The book cover


This book covers different aspects of the use of the R language. Chapters 1 to 5 describe the R language itself. Later chapters describe extensions to the R language available through contributed packages, the grammar of data and the grammar of graphics. In this book, explanations are concise but contain pointers to additional sources of information, so as to encourage the development of a routine of independent exploration. This is not an arbitrary decision, this is the normal modus operandi of most of us who use R regularly for a variety of different problems. Some have called approaches like the one used here “learning the hard way,” but I would call it “learning to be independent.”

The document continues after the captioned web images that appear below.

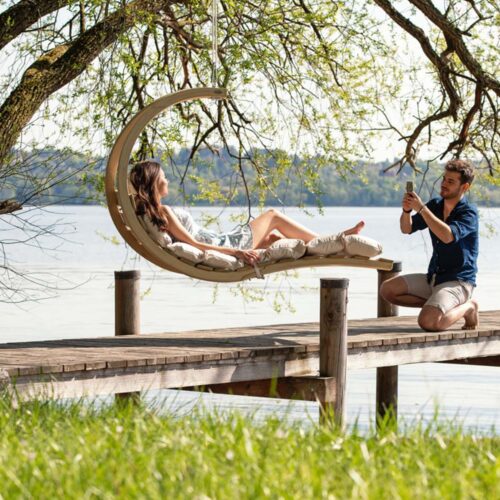 Swing Lounger Creme: Espreguiçadeira/Chaise Longue Suspensa p/ Exterior [1p] Madeira FSC c/ Colchonete [Casa&Jardim] - Image 4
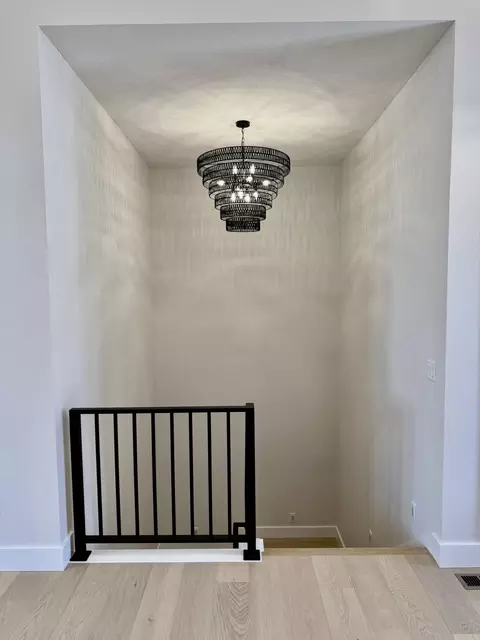 Entry Way - 5966 S Holland Ave, Springfield, MO 65810 photo 6 of 9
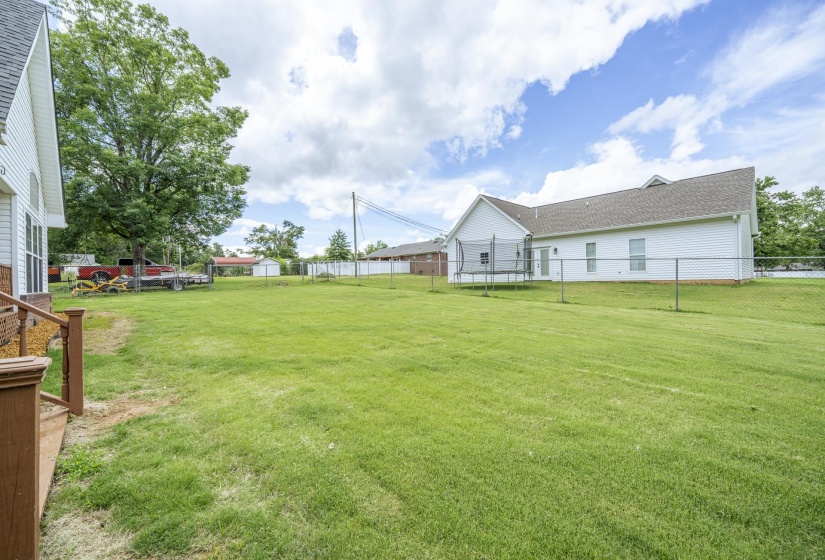 135 BETSY DR, Savannah, Tennessee 38372, 3 Bedrooms Bedrooms, 8 Rooms Rooms,2 BathroomsBathrooms,Residential,For Sale,BETSY,10222757
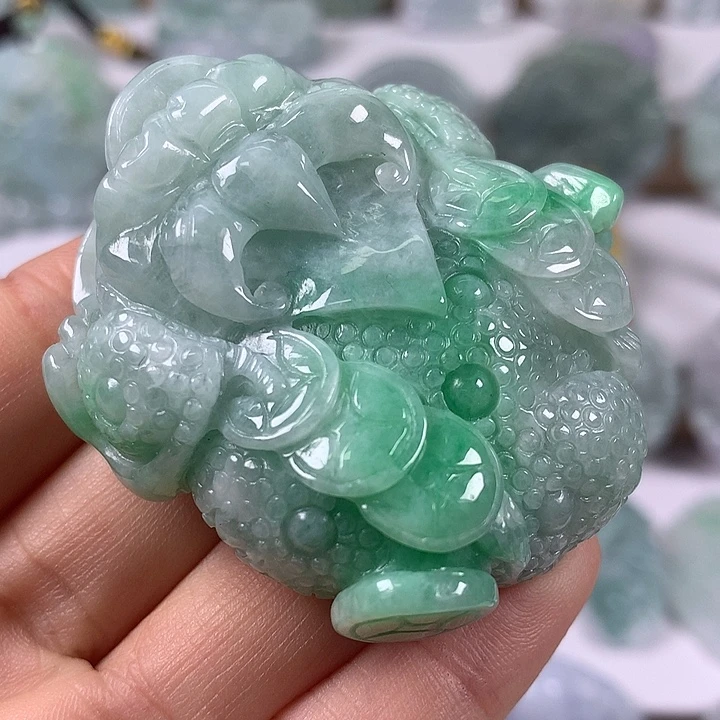 颈饰未镶嵌翡翠大金蟾福利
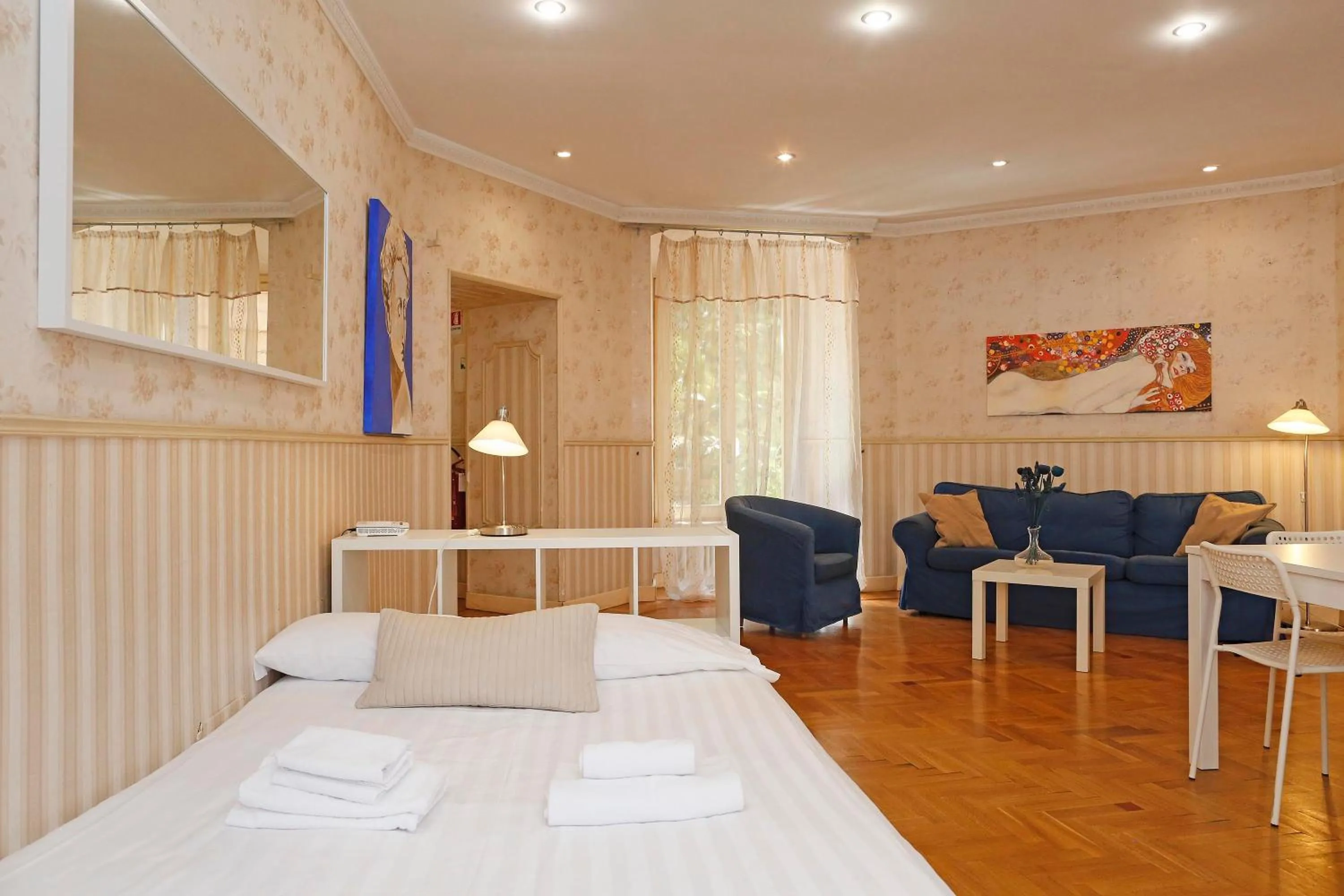 Living room, Bed in Apartment Felice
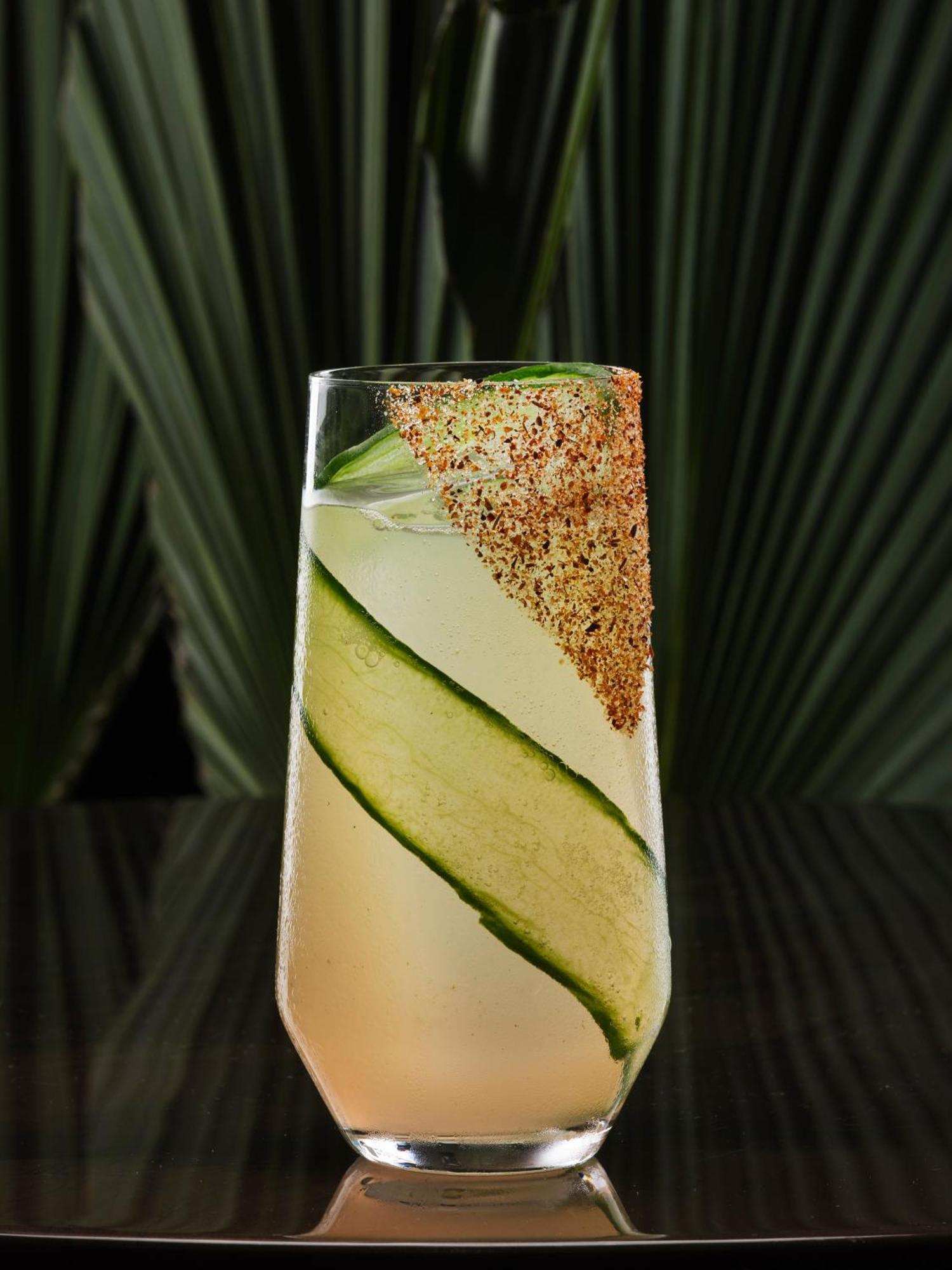 Отель Pan Pacific Лондон Экстерьер фото A cucumber cooler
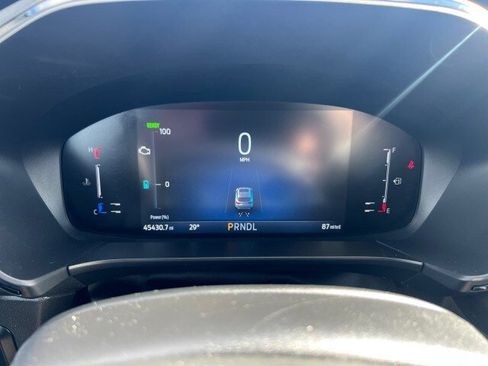 Used 2024 Ford Escape ST-Line Select image 17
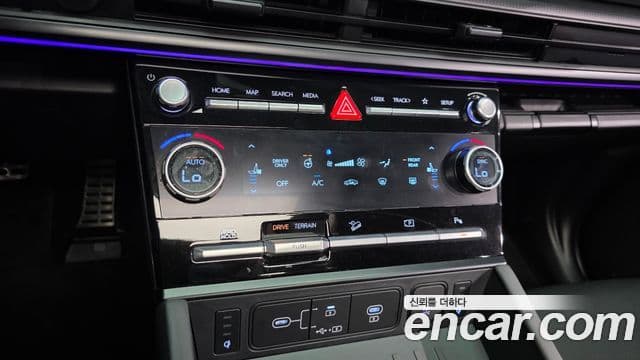 Hyundai Santa Fe 2024 — Şəkil 17/20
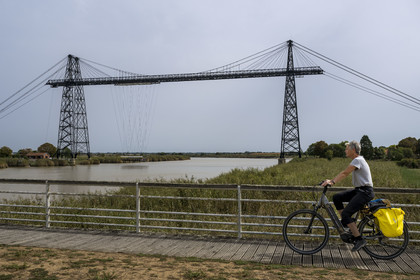 France, Charente-Maritime (17),  Rochefort, le pont transbordeur de Rochefort (ou Martrou) construit par Ferdinand Arnodin en 1900, cycliste faisant la véloroute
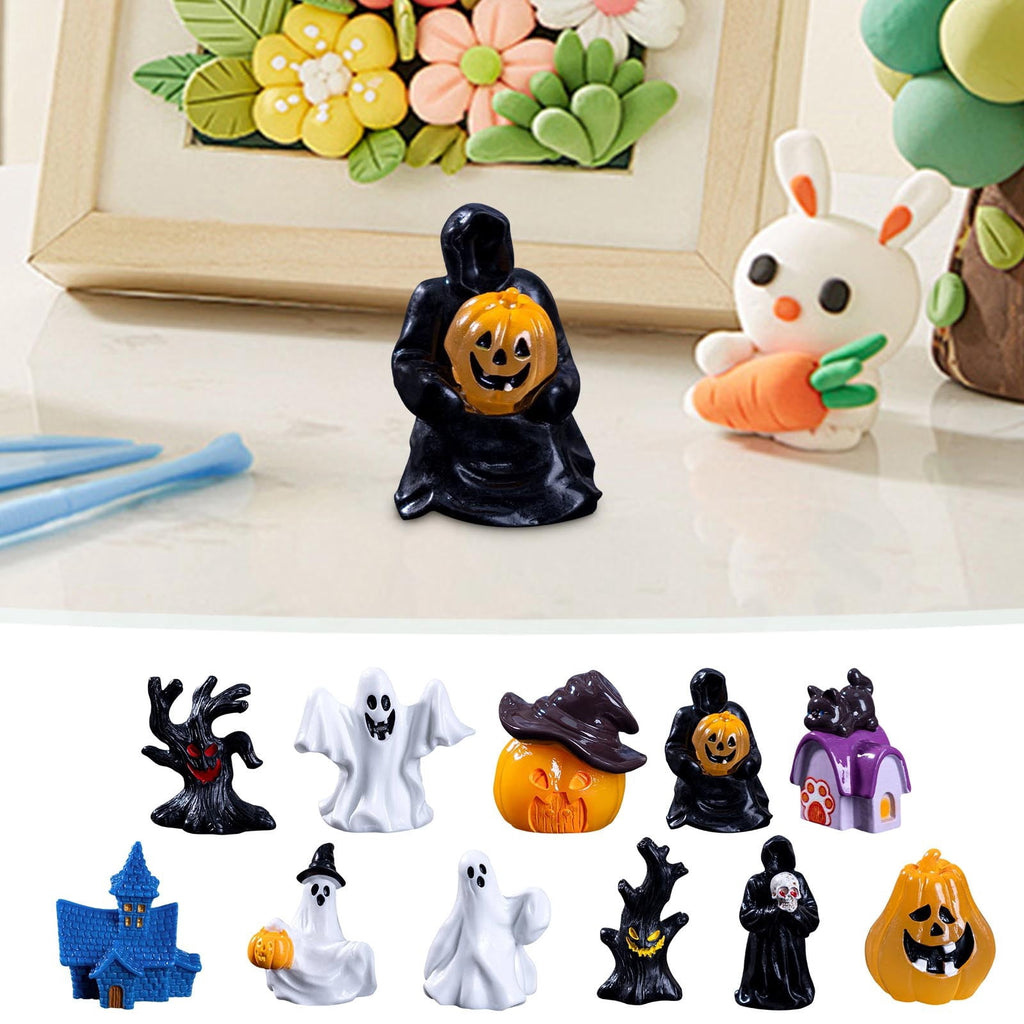 WKSCLPAI Halloween Miniatures Figures Mini Resin Figurines for Halloween Decorations, Halloween Party Favors Bag Fillers Garden Dollhouse Decor 12 Styles to Choose From, Skeleton Hugs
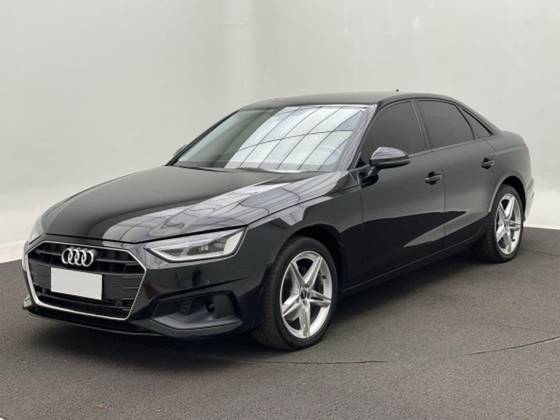 AUDI A4 2021
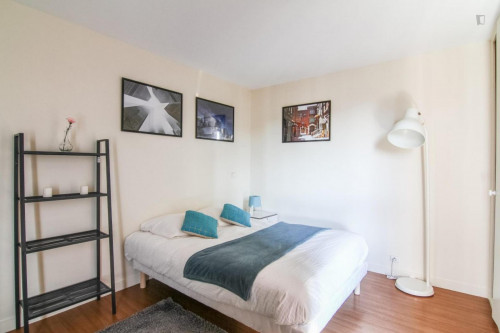Tasteful double bedroom in Rueil Mailmaison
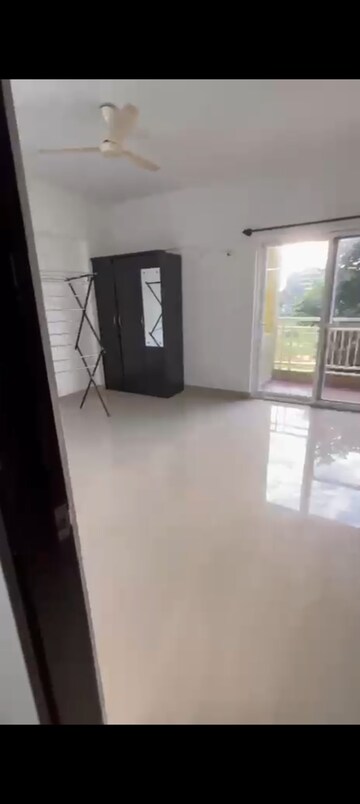 Room in 3 BHK Apartment at Ozone Urbana Pavilion, Devanahalli – for Rent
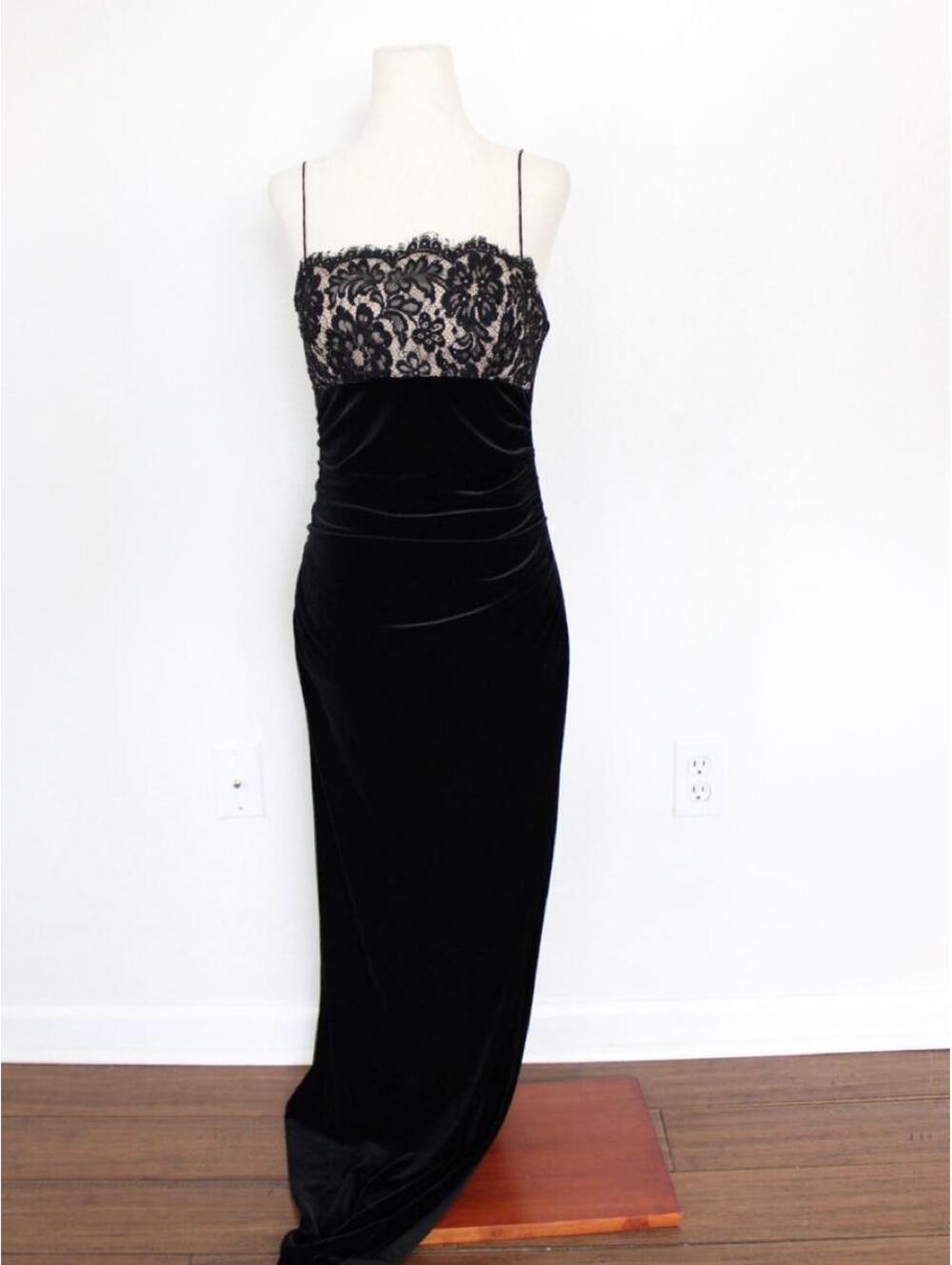 JS Boutique Black velvet floor-length evening gown. Size: 6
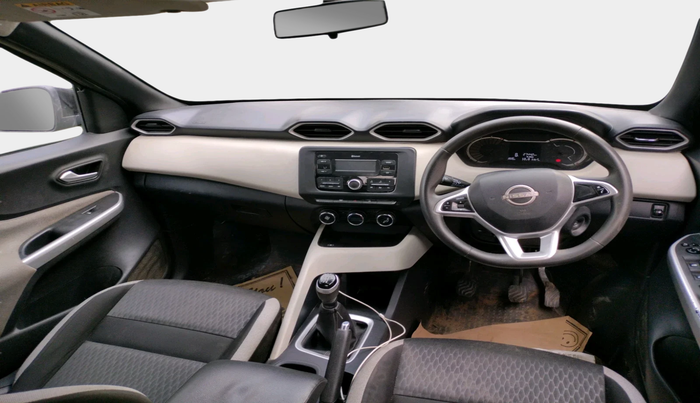 2024 Nissan MAGNITE XL, Petrol, Manual, 27,442 km, interior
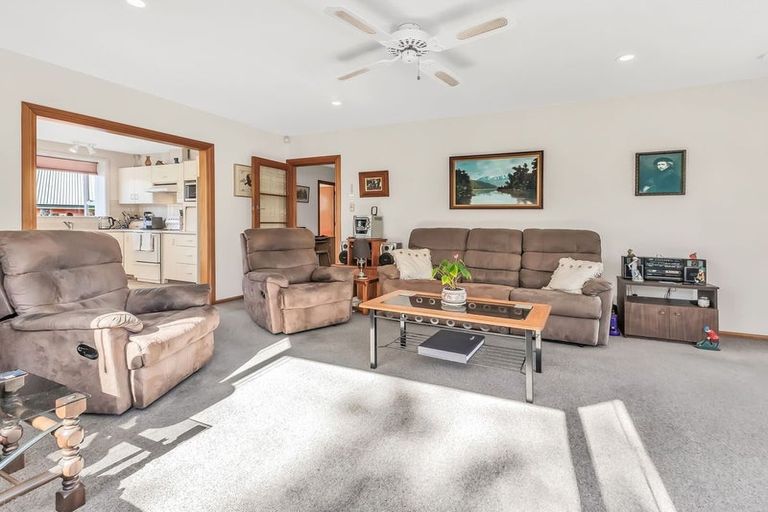 Photo of property in 2/20 Gunns Crescent, Cashmere, Christchurch, 8022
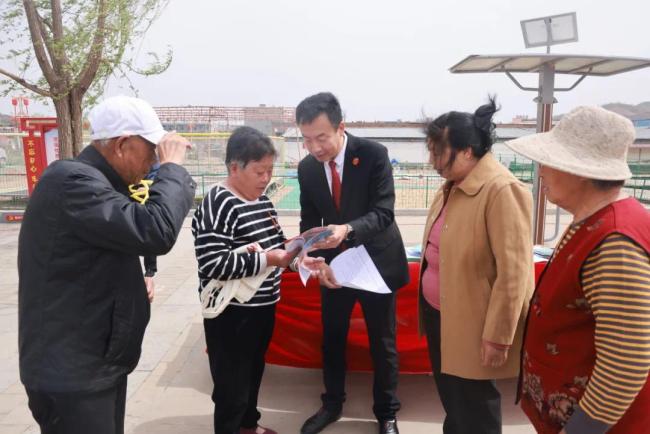 榆阳法院开展国家安全教育暨反邪教宣传活动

I do not discuss statistics or data analysis methods in this book; I describe R as a language for data manipulation and display. The idea is for you to learn the R language in a way comparable to how children learn a language: they work out what the rules are, simply by listening to people speak and trying to utter what they want to tell their parents. Of course, small children receive some guidance, but they are not taught a prescriptive set of rules like when learning a second language at school. Instead of listening, you will read code, and instead of speaking, you will try to execute R code statements on a computer-i.e., you will try your hand at using R to tell a computer what you want it to compute. I do provide explanations and guidance, but the idea of this book is for you to use the numerous examples to find out by yourself the overall patterns and coding philosophy behind the R language. Instead of parents being the sound board for your first utterances in R, the computer will play this role. You will play by modifying the examples, see how the computer responds: does R understand you or not? Using a language actively is the most efficient way of learning it. By using it, I mean actually reading, writing, and running scripts or programs (copying and pasting, or typing ready-made examples from books or the internet, does not qualify as using a language).

I have been using R since around 1998 or 1999, but I am still constantly learning new things about R itself and R packages. With time, it has replaced in my work as a researcher and teacher several other pieces of software: SPSS, Systat, Origin, MS-Excel, and it has become a central piece of the tool set I use for producing lecture slides, notes, books, and even web pages. This is to say that it is the most useful piece of software and programming language I have ever learned to use. Of course, in time it will be replaced by something better, but at the moment it is a key language to learn for anybody with a need to analyze and display data.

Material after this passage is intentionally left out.